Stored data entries
########################################

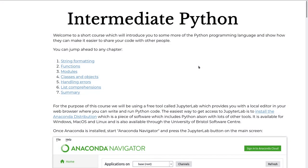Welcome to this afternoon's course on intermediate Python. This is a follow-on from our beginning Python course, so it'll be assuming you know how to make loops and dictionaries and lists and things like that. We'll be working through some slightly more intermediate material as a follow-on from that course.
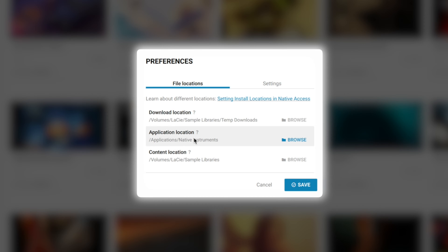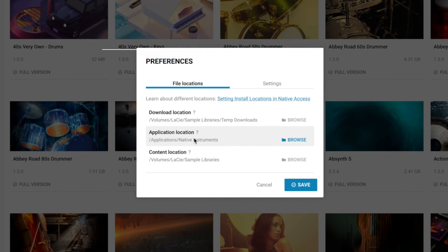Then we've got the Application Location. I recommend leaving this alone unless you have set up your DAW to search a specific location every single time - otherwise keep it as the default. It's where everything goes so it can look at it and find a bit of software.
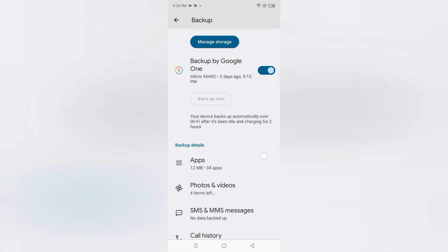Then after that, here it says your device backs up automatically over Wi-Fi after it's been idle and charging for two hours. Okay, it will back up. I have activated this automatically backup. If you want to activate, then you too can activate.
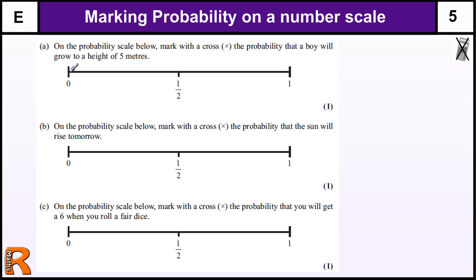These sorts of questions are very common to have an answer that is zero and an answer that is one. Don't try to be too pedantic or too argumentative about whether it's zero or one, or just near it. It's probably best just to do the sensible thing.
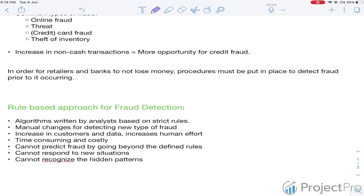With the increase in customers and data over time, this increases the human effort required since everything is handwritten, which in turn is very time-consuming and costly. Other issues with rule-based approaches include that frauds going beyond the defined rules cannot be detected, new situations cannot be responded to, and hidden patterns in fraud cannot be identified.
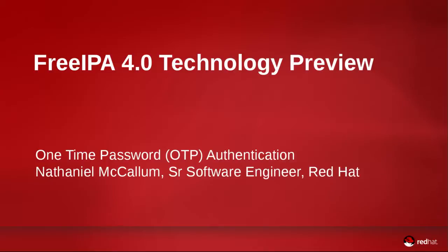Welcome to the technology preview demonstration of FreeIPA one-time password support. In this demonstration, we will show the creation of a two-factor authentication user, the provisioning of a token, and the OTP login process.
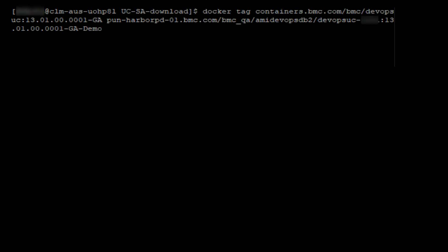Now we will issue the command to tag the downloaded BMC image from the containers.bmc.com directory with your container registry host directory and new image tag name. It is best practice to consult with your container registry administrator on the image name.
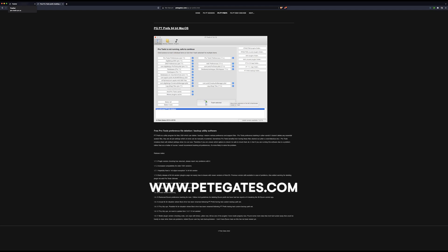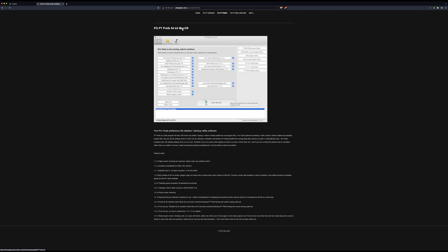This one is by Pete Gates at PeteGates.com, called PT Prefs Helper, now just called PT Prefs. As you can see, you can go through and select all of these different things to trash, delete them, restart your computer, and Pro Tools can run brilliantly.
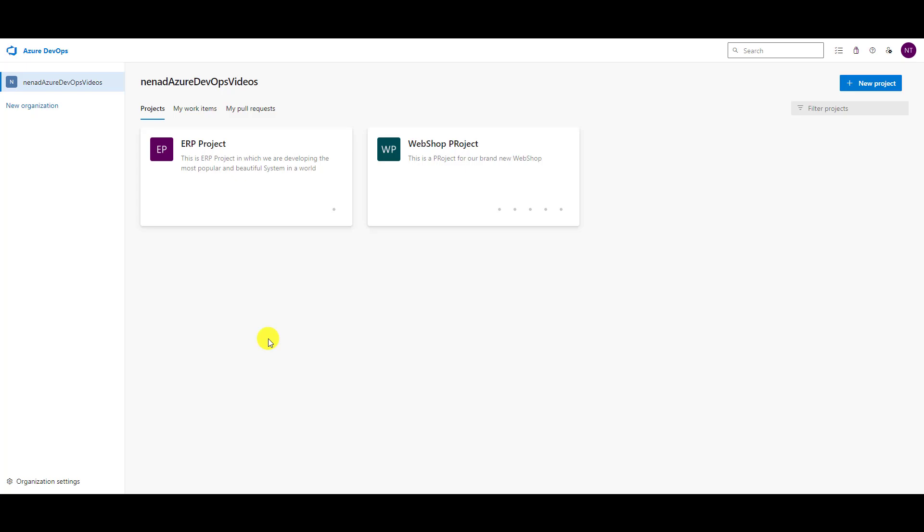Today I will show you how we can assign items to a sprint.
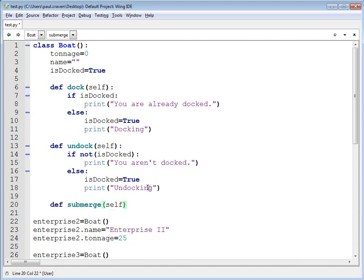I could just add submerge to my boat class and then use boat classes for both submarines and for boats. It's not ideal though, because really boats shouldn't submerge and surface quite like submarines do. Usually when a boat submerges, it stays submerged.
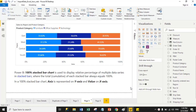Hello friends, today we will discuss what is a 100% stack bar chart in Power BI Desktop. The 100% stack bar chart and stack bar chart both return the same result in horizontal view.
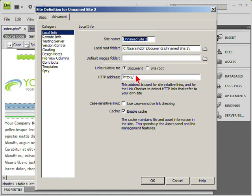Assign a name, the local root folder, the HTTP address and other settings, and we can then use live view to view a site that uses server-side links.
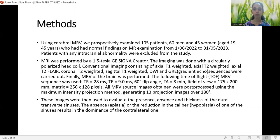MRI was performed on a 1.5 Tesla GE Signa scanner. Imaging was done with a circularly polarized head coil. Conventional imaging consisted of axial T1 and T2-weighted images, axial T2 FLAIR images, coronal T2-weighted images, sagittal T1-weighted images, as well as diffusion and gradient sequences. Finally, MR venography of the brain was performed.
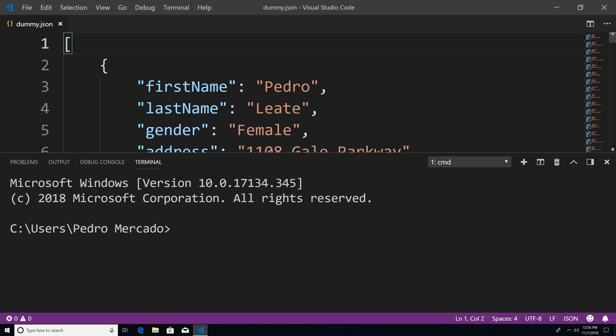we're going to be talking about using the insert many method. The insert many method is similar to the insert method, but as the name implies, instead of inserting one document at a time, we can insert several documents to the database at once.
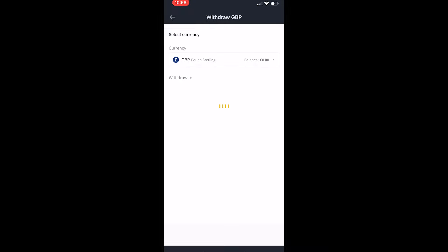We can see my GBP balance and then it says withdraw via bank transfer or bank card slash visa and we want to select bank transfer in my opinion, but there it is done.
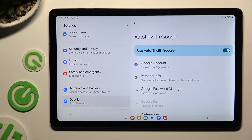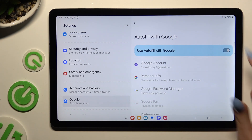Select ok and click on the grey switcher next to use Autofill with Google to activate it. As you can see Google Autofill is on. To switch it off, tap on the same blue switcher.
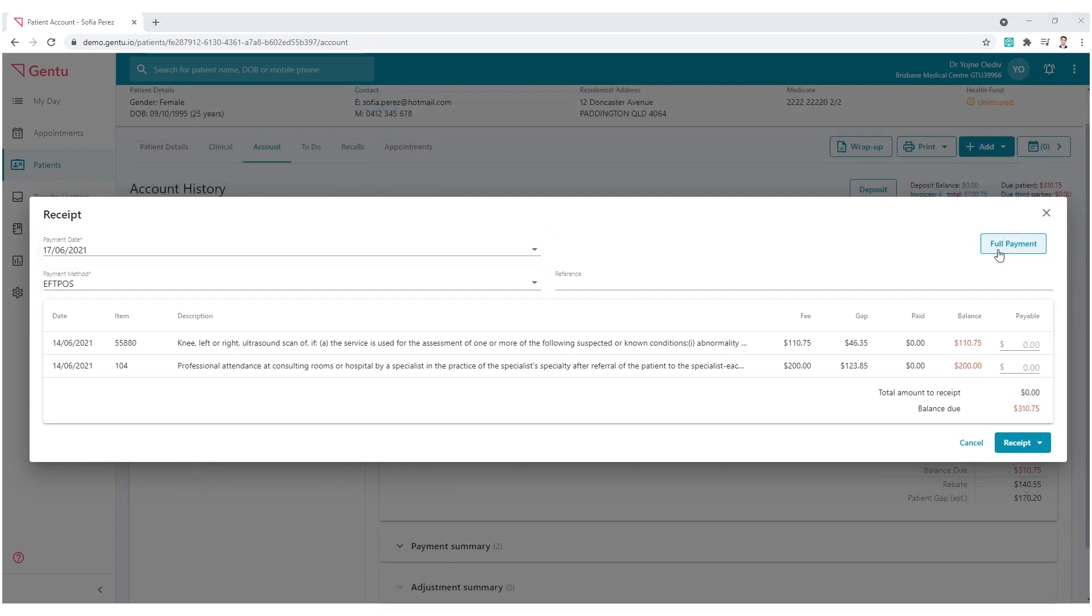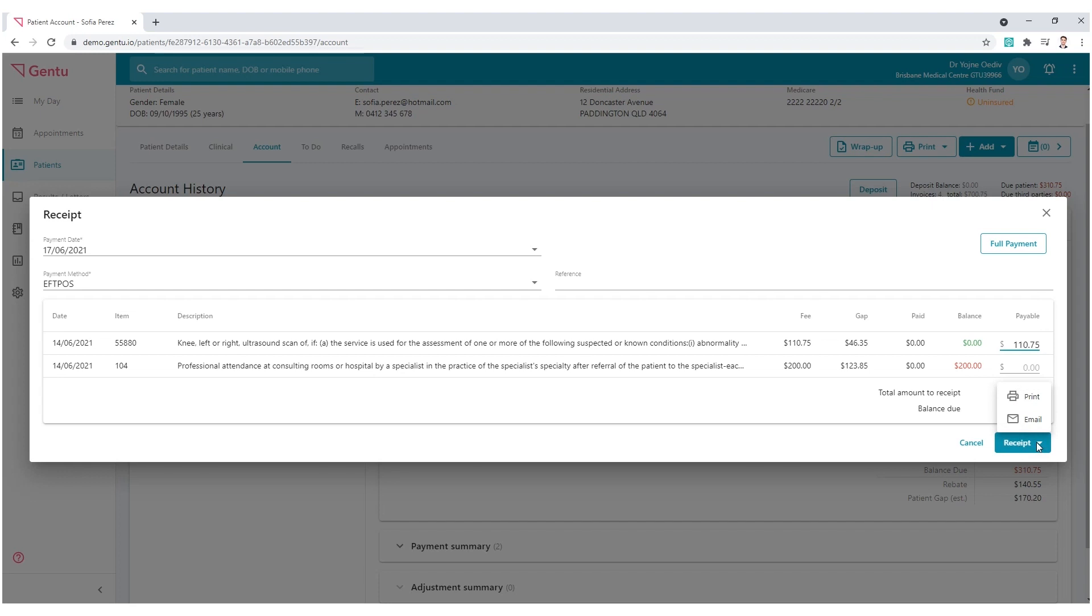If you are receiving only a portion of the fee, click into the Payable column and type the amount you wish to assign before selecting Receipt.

########################################

**DESCRIPTION OF THE TASK:** Reproduce the records exactly, starting with their first line and ending with the line that contains "Then after that, here", though pictures should be dropped.

**RESPONSE:**
Welcome to this afternoon's course on intermediate Python. This is a follow-on from our beginning Python course, so it'll be assuming you know how to make loops and dictionaries and lists and things like that. We'll be working through some slightly more intermediate material as a follow-on from that course.
Then we've got the Application Location. I recommend leaving this alone unless you have set up your DAW to search a specific location every single time - otherwise keep it as the default. It's where everything goes so it can look at it and find a bit of software.
Then after that, here it says your device backs up automatically over Wi-Fi after it's been idle and charging for two hours. Okay, it will back up. I have activated this automatically backup. If you want to activate, then you too can activate.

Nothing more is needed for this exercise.